Das Urteil hat erhebliche Konsequenzen für die beteiligten Aktionäre. Als Insolvenzforderungen nach § 38 InsO können ihre Ansprüche zumindest anteilig bei der Verteilung der Insolvenzmasse berücksichtigt werden. Dies ist insbesondere deshalb bedeutsam, weil nachrangige Forderungen gemäß § 39 InsO in der Praxis kaum Aussicht auf eine Befriedigung haben. Eine Einordnung der Aktionärsforderungen in den sogenannten „Nach-Nachrang“ gemäß § 199 S. 2 InsO, wie vom Insolvenzverwalter zunächst argumentiert, wurde vom OLG München ausdrücklich abgelehnt. Das Gericht wies darauf hin, dass eine solche Einordnung zu Ungereimtheiten und Widersprüchen führen würde. Ferner lehnte das Gericht eine analoge Anwendung von § 39 Abs. 1 Nr. 5 InsO ab. Diese Vorschrift betrifft Rückzahlungsansprüche aus Gesellschafterdarlehen, doch das OLG München stellte klar, dass der Erwerb von Aktien auf dem Sekundärmarkt keine Finanzierungswirkung für die Gesellschaft hat und daher nicht unter diese Regelung fällt.
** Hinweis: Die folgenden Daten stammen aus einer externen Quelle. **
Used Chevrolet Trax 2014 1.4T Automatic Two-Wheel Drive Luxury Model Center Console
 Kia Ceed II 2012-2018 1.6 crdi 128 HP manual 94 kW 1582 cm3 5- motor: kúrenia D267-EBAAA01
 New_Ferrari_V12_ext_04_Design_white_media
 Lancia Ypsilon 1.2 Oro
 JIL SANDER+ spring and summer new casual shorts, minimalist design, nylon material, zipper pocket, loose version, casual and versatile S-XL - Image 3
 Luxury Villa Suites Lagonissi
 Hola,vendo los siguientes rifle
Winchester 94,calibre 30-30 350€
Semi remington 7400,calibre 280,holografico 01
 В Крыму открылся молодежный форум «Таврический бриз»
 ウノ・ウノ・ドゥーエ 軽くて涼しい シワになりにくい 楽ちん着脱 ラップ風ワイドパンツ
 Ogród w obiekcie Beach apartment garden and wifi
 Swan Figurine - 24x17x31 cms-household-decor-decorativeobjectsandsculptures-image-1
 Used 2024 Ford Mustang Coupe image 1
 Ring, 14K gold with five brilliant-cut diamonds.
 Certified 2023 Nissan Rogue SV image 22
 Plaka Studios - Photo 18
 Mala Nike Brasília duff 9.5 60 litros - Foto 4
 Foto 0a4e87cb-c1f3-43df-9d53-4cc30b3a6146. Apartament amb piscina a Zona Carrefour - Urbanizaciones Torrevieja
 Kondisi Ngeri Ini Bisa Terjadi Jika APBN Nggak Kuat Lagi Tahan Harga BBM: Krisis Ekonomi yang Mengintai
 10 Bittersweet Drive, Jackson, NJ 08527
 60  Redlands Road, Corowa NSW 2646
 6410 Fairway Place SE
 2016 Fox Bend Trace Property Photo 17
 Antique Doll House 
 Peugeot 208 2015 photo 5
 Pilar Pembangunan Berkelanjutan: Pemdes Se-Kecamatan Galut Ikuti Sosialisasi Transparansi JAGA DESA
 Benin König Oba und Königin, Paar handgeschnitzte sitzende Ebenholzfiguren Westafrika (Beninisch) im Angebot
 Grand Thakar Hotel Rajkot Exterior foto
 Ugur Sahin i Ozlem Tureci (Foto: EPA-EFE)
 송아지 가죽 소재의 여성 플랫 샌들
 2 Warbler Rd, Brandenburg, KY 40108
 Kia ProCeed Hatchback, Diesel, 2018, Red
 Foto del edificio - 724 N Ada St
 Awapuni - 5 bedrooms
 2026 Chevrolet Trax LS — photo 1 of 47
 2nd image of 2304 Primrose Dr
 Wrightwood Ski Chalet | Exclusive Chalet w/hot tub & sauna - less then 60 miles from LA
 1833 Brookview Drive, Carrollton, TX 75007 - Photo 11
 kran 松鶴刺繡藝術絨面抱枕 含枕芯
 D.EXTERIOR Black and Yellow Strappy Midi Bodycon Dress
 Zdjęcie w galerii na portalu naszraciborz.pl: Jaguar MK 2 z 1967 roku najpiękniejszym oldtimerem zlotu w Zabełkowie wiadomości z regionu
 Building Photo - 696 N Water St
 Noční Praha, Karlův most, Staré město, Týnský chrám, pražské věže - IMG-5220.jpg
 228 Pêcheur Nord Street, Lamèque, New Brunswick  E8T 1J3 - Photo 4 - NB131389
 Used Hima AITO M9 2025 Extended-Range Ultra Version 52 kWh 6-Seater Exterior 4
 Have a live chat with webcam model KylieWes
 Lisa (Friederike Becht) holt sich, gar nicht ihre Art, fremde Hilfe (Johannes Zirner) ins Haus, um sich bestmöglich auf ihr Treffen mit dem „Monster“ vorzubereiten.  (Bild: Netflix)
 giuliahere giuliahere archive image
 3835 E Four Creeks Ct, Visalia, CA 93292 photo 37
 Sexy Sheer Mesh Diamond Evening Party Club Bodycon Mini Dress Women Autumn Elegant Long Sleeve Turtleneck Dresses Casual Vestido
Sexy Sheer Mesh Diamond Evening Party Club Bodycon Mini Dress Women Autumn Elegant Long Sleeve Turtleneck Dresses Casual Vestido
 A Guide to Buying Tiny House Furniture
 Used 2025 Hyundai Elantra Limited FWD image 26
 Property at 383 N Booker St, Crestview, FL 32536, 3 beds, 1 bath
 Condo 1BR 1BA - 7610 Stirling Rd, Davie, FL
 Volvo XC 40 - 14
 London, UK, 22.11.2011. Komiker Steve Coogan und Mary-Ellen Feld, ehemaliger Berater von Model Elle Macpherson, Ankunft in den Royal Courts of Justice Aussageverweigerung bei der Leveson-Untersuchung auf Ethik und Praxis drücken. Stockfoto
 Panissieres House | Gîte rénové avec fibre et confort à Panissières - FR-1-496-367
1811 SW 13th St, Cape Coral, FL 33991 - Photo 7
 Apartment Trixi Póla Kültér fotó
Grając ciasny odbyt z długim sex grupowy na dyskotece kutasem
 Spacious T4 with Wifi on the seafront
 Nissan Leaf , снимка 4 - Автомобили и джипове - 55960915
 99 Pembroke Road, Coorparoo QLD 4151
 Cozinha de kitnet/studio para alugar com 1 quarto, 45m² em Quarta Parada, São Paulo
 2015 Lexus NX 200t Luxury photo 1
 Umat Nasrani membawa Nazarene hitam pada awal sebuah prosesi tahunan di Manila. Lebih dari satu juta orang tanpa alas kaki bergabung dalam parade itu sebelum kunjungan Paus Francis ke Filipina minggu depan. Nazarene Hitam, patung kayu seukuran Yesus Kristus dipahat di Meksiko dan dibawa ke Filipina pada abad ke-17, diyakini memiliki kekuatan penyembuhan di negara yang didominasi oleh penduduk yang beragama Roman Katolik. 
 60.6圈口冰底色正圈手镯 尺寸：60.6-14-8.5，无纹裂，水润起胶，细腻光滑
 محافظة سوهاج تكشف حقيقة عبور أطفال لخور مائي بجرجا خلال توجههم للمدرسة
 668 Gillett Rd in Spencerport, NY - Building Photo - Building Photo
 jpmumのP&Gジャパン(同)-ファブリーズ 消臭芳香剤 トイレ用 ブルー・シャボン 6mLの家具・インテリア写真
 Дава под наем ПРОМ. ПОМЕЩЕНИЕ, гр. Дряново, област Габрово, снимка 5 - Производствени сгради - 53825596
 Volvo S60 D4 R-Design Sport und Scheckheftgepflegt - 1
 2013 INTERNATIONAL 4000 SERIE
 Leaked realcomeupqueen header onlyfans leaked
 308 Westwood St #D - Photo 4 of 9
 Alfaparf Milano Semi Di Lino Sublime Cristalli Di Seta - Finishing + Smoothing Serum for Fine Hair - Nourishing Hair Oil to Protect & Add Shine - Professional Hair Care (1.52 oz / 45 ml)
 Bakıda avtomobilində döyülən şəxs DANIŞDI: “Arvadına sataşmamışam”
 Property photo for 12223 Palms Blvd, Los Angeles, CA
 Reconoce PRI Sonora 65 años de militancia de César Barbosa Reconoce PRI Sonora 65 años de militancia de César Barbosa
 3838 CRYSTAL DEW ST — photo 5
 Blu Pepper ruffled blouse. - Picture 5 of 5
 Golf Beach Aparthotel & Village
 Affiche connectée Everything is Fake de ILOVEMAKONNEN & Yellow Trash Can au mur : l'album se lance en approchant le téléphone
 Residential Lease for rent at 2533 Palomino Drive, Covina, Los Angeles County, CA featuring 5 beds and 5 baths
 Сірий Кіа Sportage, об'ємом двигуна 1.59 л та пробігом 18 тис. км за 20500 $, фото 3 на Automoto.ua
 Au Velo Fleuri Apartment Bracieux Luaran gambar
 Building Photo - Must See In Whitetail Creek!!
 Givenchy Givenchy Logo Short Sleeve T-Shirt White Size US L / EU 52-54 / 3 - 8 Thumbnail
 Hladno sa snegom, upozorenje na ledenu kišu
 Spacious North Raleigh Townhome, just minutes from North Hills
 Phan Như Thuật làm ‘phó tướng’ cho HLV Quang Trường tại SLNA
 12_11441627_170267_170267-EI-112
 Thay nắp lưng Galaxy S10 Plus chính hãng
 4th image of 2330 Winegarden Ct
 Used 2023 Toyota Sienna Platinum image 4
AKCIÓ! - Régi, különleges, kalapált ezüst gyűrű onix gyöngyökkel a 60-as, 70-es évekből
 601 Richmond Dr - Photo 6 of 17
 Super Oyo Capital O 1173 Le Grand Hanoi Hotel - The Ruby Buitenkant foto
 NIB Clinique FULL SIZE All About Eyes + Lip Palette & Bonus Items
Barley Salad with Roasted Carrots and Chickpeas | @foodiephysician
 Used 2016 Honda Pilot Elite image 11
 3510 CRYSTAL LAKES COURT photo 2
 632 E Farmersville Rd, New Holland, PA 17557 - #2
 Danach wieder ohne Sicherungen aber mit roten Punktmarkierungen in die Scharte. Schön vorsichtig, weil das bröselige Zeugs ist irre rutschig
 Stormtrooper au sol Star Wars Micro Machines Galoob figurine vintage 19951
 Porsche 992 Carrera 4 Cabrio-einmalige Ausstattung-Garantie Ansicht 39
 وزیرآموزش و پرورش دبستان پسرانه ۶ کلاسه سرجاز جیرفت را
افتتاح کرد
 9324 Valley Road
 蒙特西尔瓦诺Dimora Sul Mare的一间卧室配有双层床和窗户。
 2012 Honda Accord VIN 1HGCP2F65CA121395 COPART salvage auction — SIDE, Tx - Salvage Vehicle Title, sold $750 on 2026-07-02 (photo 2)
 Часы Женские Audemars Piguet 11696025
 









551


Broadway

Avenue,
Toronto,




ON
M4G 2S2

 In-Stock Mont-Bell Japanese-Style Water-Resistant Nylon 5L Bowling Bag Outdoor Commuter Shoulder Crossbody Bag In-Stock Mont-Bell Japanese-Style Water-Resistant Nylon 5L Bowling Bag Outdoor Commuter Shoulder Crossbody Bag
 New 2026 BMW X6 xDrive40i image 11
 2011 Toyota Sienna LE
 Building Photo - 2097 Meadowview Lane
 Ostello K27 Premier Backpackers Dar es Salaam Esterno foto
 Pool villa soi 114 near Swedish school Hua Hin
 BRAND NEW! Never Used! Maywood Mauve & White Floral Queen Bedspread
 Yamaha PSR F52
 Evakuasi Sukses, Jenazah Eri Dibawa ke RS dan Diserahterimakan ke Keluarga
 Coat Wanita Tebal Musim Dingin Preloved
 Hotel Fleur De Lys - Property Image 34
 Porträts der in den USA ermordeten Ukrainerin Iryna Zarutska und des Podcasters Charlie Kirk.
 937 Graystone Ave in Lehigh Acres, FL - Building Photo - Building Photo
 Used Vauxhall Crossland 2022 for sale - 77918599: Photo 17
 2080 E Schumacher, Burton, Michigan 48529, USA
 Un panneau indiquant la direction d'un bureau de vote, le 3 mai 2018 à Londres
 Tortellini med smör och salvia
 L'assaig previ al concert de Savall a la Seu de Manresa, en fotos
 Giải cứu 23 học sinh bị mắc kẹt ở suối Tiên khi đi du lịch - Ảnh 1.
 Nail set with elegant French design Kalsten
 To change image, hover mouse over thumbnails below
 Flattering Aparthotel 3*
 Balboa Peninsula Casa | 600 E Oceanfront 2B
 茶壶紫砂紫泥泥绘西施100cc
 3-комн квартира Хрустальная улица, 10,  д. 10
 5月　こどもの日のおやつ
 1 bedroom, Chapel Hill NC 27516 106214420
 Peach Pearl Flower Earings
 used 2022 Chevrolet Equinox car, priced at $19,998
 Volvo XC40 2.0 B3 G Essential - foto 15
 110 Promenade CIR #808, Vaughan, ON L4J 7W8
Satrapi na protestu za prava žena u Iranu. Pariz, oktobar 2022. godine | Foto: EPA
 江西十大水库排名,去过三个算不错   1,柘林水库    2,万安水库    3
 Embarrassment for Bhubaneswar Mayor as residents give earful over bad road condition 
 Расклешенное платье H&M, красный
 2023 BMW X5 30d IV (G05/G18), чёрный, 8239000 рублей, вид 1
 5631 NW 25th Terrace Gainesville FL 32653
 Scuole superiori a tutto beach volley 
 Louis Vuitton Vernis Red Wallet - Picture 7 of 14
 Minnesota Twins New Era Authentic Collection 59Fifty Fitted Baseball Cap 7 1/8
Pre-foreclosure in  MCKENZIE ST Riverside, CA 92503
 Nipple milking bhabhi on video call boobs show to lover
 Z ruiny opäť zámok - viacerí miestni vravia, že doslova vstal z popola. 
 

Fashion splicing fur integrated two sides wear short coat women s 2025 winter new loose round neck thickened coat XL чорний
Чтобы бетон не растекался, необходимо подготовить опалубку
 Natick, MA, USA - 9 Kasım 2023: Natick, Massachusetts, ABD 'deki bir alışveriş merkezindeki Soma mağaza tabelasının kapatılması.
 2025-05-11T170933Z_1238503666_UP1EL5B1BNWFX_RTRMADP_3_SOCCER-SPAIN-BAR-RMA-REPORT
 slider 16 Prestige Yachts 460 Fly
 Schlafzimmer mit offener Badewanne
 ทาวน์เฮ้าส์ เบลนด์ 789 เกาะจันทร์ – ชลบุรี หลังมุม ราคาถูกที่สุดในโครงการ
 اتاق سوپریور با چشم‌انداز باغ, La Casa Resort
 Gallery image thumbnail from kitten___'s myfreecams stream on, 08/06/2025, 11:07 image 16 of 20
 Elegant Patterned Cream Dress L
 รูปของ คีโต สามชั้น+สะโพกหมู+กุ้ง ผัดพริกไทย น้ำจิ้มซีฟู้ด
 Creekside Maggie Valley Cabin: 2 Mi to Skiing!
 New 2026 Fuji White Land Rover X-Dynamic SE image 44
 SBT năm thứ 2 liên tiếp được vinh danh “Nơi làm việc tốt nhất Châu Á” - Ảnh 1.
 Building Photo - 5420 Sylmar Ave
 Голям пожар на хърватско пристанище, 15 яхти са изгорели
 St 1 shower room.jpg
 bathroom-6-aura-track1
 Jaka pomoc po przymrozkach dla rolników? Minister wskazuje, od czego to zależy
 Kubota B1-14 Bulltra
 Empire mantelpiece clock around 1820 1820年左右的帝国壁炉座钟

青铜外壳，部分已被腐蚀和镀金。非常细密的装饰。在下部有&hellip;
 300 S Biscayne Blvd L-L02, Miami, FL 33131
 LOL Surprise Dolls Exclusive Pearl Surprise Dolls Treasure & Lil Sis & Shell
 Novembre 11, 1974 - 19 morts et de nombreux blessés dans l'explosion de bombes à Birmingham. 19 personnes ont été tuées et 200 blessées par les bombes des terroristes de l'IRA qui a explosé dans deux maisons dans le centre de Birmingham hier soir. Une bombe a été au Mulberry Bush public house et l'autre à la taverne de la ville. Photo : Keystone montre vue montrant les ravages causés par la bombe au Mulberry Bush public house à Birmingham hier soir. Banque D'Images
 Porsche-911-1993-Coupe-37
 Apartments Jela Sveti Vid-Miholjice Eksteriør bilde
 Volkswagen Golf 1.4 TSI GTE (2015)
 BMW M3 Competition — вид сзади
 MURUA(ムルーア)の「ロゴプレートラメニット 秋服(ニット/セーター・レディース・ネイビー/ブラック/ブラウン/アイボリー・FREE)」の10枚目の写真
Aussicht auf BGH-Entscheidung und Bedeutung für zukünftige Fälle

Der Insolvenzverwalter hat angekündigt, das Zwischenurteil des OLG München im Wege der Revision durch den Bundesgerichtshof (BGH) überprüfen zu lassen. Es bleibt abzuwarten, ob der BGH die Entscheidung des OLG München bestätigt oder zu einer abweichenden Rechtsauffassung gelangt. Eine endgültige Klärung dieser Rechtsfrage wird frühestens im kommenden Jahr erwartet.

Das Zwischenurteil des OLG München schafft für die betroffenen Aktionäre der Wirecard AG und künftige vergleichbare Fälle eine wichtige Rechtsklarheit. Die Frage, ob Schadensersatzansprüche getäuschter Anleger als Insolvenzforderungen gemäß § 38 InsO gelten, wird damit erstmals höchstrichterlich geklärt. Sollte der BGH die Entscheidung des OLG München bestätigen, wird dies die Position von Anlegern in Insolvenzverfahren erheblich stärken.